# Data provided:
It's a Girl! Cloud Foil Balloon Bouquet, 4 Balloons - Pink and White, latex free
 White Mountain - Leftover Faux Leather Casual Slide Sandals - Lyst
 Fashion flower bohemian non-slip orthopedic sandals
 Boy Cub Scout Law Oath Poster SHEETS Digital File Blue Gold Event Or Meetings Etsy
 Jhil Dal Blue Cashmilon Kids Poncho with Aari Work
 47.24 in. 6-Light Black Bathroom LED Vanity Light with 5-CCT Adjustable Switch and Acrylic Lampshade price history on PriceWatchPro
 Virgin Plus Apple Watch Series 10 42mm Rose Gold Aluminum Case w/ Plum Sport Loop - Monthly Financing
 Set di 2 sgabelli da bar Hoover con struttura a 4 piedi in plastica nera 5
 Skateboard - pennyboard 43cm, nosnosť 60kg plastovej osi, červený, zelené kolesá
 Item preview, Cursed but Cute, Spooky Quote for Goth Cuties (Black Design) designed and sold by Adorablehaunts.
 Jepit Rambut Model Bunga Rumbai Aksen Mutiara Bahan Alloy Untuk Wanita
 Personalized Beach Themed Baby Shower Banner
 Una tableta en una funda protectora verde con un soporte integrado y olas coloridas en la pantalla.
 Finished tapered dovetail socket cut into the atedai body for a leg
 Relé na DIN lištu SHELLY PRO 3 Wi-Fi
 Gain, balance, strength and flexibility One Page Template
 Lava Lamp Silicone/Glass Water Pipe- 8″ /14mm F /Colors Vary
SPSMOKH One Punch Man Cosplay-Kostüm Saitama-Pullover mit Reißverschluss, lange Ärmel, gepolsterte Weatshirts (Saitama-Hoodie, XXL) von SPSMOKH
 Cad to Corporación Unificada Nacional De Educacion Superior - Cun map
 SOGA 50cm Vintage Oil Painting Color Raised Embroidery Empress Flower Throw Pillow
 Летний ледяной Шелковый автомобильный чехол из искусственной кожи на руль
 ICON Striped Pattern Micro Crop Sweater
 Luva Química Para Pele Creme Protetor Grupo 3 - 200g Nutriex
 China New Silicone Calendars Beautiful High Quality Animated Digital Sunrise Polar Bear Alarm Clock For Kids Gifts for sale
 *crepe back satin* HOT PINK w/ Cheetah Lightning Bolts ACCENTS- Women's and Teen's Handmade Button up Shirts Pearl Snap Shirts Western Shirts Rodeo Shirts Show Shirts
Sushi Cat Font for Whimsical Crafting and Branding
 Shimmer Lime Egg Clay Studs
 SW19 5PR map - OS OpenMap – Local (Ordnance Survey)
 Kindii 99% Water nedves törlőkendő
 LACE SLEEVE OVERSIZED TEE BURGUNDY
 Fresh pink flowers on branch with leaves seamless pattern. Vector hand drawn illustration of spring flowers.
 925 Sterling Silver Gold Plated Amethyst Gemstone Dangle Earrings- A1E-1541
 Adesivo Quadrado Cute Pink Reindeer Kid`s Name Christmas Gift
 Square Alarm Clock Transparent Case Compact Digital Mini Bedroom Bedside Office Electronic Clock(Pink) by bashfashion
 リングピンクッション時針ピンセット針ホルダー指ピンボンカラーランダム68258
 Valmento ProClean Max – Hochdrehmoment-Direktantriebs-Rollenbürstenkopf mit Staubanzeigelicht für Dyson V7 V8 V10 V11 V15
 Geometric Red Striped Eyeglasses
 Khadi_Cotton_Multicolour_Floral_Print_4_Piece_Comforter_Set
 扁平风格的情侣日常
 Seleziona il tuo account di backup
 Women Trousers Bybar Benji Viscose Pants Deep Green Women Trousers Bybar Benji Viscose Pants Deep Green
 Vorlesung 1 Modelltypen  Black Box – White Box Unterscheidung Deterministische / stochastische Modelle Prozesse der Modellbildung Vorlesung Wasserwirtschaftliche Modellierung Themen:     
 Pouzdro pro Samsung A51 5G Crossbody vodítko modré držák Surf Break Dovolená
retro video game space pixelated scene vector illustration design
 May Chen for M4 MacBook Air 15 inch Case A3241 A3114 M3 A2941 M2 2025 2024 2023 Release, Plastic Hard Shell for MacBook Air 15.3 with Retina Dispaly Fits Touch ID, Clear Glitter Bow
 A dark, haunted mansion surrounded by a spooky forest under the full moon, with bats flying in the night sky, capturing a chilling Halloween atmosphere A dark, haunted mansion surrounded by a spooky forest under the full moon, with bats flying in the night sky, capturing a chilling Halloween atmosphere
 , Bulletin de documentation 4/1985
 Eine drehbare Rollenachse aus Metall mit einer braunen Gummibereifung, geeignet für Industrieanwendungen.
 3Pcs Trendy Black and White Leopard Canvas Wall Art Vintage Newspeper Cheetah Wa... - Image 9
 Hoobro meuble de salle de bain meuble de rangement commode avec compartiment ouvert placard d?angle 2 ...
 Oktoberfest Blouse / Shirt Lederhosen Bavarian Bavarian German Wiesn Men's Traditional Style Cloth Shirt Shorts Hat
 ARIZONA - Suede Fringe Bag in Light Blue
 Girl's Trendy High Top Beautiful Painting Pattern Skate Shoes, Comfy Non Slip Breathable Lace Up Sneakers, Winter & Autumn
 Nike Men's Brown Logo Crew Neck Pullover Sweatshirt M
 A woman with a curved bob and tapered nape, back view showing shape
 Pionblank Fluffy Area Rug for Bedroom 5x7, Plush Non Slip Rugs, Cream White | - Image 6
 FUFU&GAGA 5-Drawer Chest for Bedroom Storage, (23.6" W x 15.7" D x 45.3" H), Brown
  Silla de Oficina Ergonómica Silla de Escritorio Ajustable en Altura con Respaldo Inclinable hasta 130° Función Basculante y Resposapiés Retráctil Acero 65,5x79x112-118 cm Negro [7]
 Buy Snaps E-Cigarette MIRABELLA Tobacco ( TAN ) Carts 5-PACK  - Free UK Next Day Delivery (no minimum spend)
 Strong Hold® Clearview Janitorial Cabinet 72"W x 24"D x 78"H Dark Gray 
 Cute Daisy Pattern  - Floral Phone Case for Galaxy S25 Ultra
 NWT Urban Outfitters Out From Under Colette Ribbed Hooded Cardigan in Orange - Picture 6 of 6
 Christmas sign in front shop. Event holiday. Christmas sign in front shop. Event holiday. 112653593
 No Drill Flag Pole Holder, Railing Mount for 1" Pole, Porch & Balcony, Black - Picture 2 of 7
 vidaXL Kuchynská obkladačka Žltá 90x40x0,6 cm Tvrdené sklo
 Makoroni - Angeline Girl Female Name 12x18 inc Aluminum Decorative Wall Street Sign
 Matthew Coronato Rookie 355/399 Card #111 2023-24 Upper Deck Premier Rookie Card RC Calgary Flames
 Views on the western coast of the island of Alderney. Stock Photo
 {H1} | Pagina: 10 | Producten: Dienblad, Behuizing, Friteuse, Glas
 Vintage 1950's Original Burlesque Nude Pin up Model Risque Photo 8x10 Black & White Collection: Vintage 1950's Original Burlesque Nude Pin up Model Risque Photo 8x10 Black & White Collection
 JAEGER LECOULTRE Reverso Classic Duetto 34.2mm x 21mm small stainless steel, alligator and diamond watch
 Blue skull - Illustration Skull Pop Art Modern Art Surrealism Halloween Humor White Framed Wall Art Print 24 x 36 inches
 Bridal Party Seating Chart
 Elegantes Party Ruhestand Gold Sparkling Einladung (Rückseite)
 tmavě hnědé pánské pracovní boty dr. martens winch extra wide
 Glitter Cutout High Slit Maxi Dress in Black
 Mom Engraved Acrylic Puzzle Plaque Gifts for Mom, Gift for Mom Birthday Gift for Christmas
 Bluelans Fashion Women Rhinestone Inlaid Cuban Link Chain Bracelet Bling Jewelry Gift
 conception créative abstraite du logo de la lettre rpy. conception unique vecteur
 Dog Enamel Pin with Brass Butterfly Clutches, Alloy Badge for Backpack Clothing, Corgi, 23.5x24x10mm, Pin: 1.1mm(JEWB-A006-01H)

# Prompt:
Taking the entries above, write out exactly each line from the one holding "Mom Engraved Acrylic" to the one holding "conception créative abstraite", both included, and stop there.

# Solution:
 Mom Engraved Acrylic Puzzle Plaque Gifts for Mom, Gift for Mom Birthday Gift for Christmas
 Bluelans Fashion Women Rhinestone Inlaid Cuban Link Chain Bracelet Bling Jewelry Gift
 conception créative abstraite du logo de la lettre rpy. conception unique vecteur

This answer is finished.